Under the safety blanket of the internet, all it takes is a quick click of a button to say something you might not say in person.
A new Pew Research study shows about 4 in 10 Americans have personally experienced some form of online harassment. Of those people, the largest number said they were targeted for their political views.
“The trend that online harassment is not only increasing but increasing in severity is really alarming. I don't think anyone who's been the target of that would be surprised to hear it,” said Dr. Kim Gorgens, a psychology expert and professor at the University of Denver.
Those severe threats include things like offensive name calling, physical threats, and sexual harassment.

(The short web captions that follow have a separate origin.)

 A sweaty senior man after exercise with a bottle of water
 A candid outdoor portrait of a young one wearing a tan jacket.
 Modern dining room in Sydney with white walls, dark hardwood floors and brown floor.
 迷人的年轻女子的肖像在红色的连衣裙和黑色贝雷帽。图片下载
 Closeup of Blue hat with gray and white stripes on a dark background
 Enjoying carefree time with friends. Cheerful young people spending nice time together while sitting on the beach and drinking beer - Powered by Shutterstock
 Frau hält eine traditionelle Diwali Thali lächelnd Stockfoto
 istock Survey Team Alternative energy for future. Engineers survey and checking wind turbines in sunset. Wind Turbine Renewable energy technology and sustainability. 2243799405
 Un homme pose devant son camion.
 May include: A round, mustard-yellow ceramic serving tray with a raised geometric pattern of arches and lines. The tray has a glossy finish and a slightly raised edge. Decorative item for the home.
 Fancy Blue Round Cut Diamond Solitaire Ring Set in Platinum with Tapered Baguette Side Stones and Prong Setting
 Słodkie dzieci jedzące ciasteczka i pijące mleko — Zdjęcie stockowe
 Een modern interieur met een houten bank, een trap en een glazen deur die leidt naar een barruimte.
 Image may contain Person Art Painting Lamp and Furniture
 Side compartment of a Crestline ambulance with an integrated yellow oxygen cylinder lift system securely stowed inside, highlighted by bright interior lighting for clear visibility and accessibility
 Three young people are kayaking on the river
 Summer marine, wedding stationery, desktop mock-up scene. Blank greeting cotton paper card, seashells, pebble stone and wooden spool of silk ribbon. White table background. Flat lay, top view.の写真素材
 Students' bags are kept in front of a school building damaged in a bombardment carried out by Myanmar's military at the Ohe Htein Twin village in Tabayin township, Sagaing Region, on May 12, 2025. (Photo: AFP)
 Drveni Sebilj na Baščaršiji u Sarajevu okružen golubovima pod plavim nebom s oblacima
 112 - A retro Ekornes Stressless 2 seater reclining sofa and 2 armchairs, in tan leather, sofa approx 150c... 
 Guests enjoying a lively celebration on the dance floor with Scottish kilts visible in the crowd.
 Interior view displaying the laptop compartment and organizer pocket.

“What we’ve seen is a growth in online hate, which is really accelerating faster than the growth of social media itself. Part of that is because the hate has been normalized,” said Dr. Andrew Oboler, CEO of the Online Hate Prevention Institute. “Traditionally, whenever we’ve seen depressions and other stressors on society, people want someone to blame.”
Dr. Oboler said more people are spending more time online due to the pandemic, and these stressors are making hate more common.
“The growth of online hate, part of it is just natural growth,” he said. “But what we’ve really been seeing is a growth far above that. So, we’ve been seeing hate becoming an increasingly large percentage of all online discussion.”
And all that negative talk isn’t good or any of us.
“It’s not uncommon for people to have really clinically significant syndromes after that harassment, so not only will folks withdraw from social media, but also the kinds of depression and anxiety and fearfulness that accompany this relentless harassment can take a real toll,” Dr. Gorgens said. “If you take people’s faces and names away from the debate, a really hot-spirited debate, it's sure to devolve into ugliness.”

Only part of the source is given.